• [INSTRUCTIONS FOR THE TASK] Please retype the records below exactly, omitting any images.

━━━━━ PROVIDED RECORDS

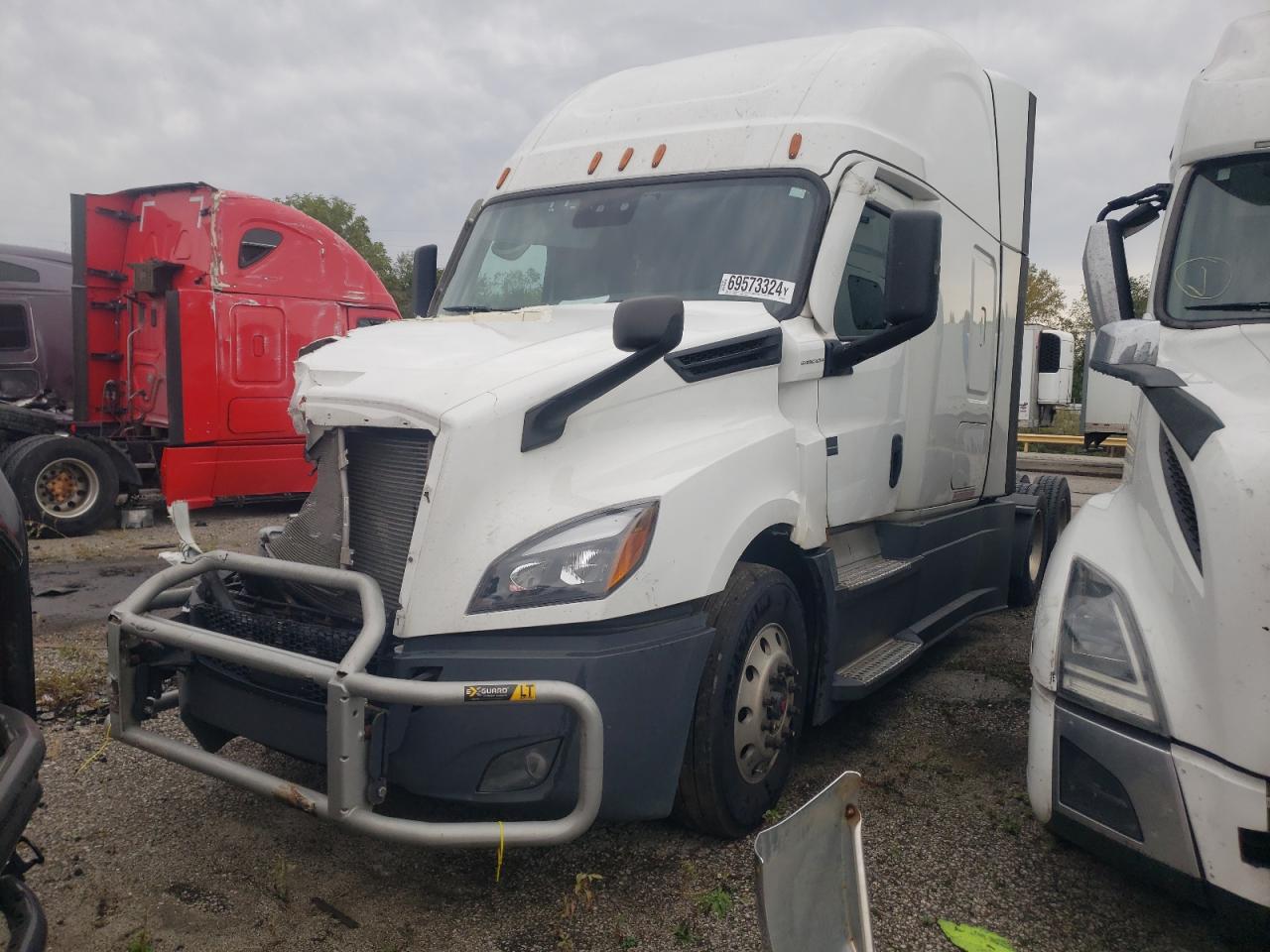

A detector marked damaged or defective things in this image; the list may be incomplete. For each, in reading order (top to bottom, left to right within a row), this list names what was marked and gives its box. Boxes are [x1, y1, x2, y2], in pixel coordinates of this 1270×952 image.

cracked hood [294, 301, 778, 432]
damaged front bumper [109, 551, 603, 849]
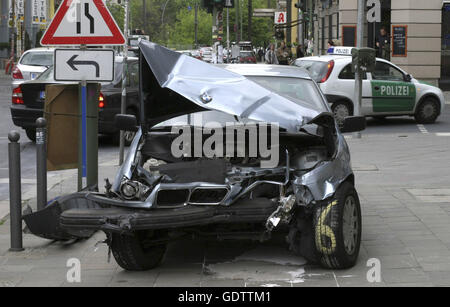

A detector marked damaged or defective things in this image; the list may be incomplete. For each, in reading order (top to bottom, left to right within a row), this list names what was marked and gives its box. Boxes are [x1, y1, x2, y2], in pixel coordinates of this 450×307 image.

crumpled car hood [139, 40, 322, 132]
wrecked silver car [23, 41, 366, 272]
detached bumper [59, 196, 278, 235]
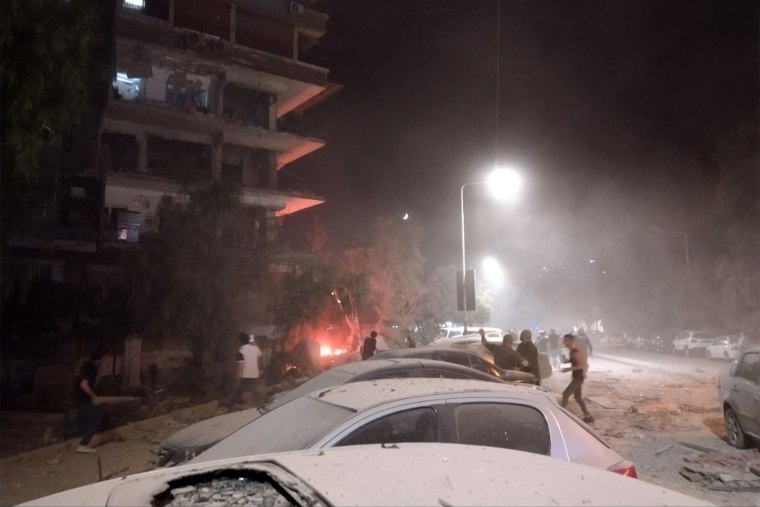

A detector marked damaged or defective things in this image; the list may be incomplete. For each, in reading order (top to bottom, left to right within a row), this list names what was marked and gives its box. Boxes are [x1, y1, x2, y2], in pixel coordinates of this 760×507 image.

damaged apartment building [4, 0, 334, 296]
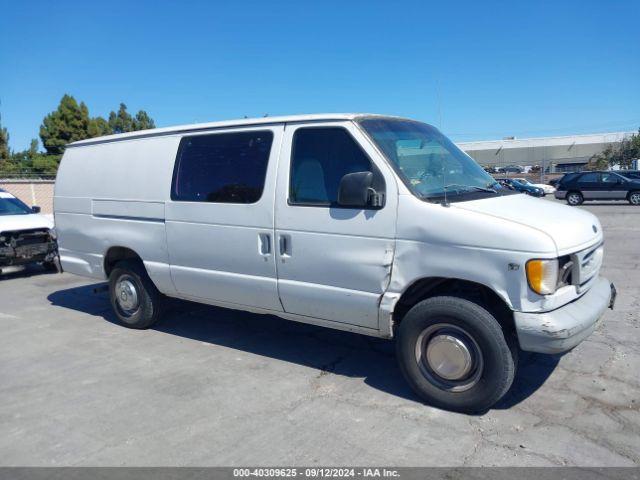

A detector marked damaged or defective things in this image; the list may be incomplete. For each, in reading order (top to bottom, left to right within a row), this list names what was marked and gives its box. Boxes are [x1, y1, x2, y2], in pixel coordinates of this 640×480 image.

cracked asphalt [0, 198, 636, 464]
damaged front bumper [512, 276, 612, 354]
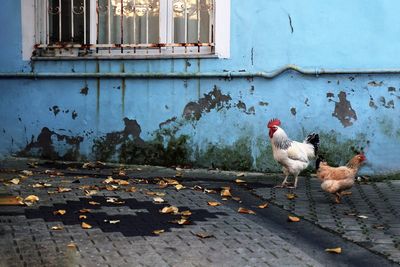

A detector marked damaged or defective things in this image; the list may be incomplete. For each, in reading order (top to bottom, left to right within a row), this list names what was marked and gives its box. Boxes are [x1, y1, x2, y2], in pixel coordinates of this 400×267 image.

peeling paint [181, 86, 231, 121]
peeling paint [332, 92, 356, 127]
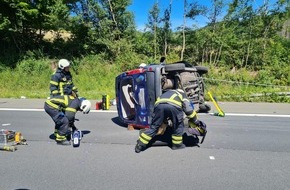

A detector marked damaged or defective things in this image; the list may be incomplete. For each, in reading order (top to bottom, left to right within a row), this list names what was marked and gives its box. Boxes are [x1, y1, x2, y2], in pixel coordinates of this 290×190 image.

overturned car [114, 61, 210, 128]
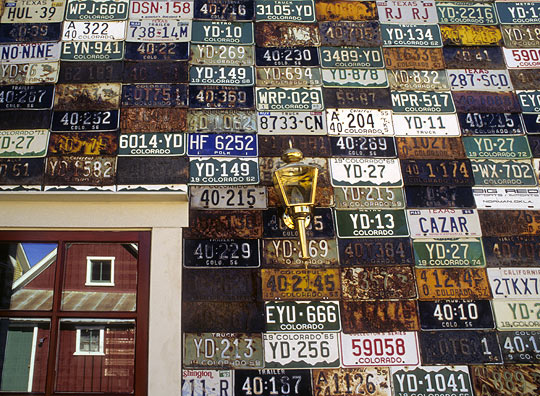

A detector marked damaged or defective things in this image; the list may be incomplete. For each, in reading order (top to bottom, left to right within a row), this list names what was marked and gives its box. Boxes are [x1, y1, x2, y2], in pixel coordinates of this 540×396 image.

rusty license plate [382, 47, 446, 70]
rusty license plate [47, 131, 118, 155]
rusty license plate [260, 268, 340, 298]
rusty license plate [340, 266, 416, 300]
rusty license plate [416, 268, 492, 298]
rusty license plate [342, 302, 418, 332]
rusty license plate [184, 332, 264, 370]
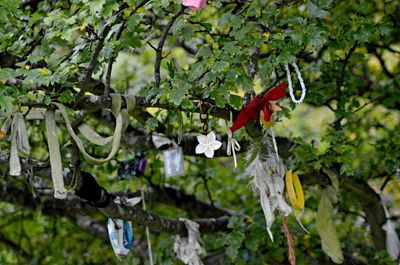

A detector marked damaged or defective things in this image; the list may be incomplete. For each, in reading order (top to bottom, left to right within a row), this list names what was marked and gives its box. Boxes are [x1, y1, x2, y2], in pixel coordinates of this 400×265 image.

torn white cloth [173, 218, 205, 262]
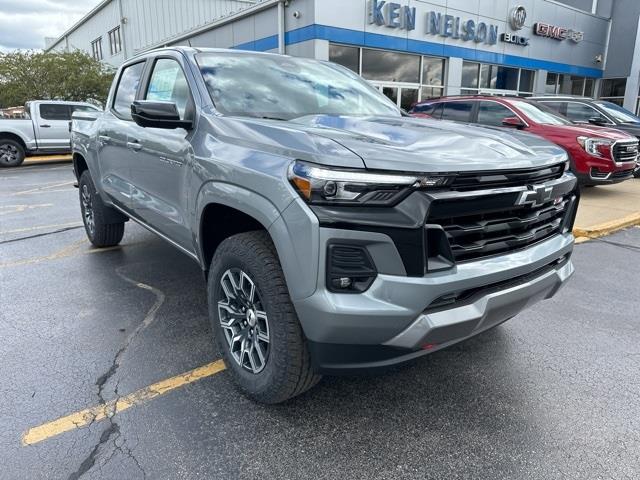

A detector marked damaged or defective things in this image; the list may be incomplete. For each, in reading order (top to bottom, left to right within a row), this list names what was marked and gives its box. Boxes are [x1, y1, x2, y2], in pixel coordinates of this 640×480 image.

crack in asphalt [65, 268, 164, 478]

━━━━━━━━━━

• [EXERCISE OUTPUT]
A detector marked damaged or defective things in this image; the list may be incomplete. For each, in reading order (top to bottom, left to right within a row), this list names what was marked and gives its box. Boxes are [x1, y1, x2, y2], in pixel coordinates of this 1270×952 image.

cracked hood [294, 301, 778, 432]
damaged front bumper [109, 551, 603, 849]

A detector marked damaged or defective things in this image; the list may be incomplete. For each, in reading order (top to bottom, left to right within a row), this list names what was marked and gives its box. Boxes are [x1, y1, x2, y2], in pixel coordinates of this 450×307 image.

crumpled car hood [139, 40, 322, 132]
wrecked silver car [23, 41, 366, 272]
detached bumper [59, 196, 278, 235]

A detector marked damaged or defective things in this image; the list may be incomplete. For each, in reading order (top to bottom, left to right within a row), this list names what was marked and gives its box. Boxes are [x1, y1, x2, y2], in pixel coordinates of this 760×507 image.

damaged apartment building [4, 0, 334, 296]

A detector marked damaged or defective things in this image; the list may be incomplete. For each, in reading order (top to bottom, left to right within a row), this list names what was marked and gives its box. Boxes are [x1, y1, x2, y2], in pixel coordinates of this 640×480 image.

cracked asphalt [0, 198, 636, 464]
damaged front bumper [512, 276, 612, 354]

A detector marked damaged or defective things in this image; the list may be incomplete. For each, in reading order (top to bottom, left to right within a row), this list names what was marked and gives its box. Boxes are [x1, y1, x2, y2], in pixel coordinates of this 400×267 image.

peeling paint [181, 86, 231, 121]
peeling paint [332, 92, 356, 127]

A detector marked damaged or defective things in this image; the list may be incomplete. For each, in reading order (top to bottom, left to right within a row), this list names what was marked and gives its box. Boxes are [x1, y1, x2, y2], in pixel coordinates of this 290×190 image.

overturned car [114, 61, 210, 128]

A detector marked damaged or defective things in this image; the list may be incomplete. For each, in reading order (top to bottom, left to right within a row), this list names what was marked and gives its box. Boxes are [x1, y1, x2, y2], in pixel coordinates of this 540×396 image.

rusty license plate [382, 47, 446, 70]
rusty license plate [47, 131, 118, 155]
rusty license plate [260, 268, 340, 298]
rusty license plate [340, 266, 416, 300]
rusty license plate [416, 268, 492, 298]
rusty license plate [342, 302, 418, 332]
rusty license plate [184, 332, 264, 370]

A detector marked damaged or defective things in this image; the list may be incomplete. For each, in reading order (top to bottom, left to right within a row), this list names what was marked and gives its box. Boxes are [x1, y1, x2, y2], in pixel coordinates of this 400×265 image.

torn white cloth [173, 218, 205, 262]

A detector marked damaged or defective things in this image; the list may be incomplete. For each, in reading order (top to bottom, left to right within a row), this list names what was marked and gives its box. Boxes are [x1, y1, x2, y2], in pixel coordinates of this 640×480 image.

crack in asphalt [65, 268, 164, 478]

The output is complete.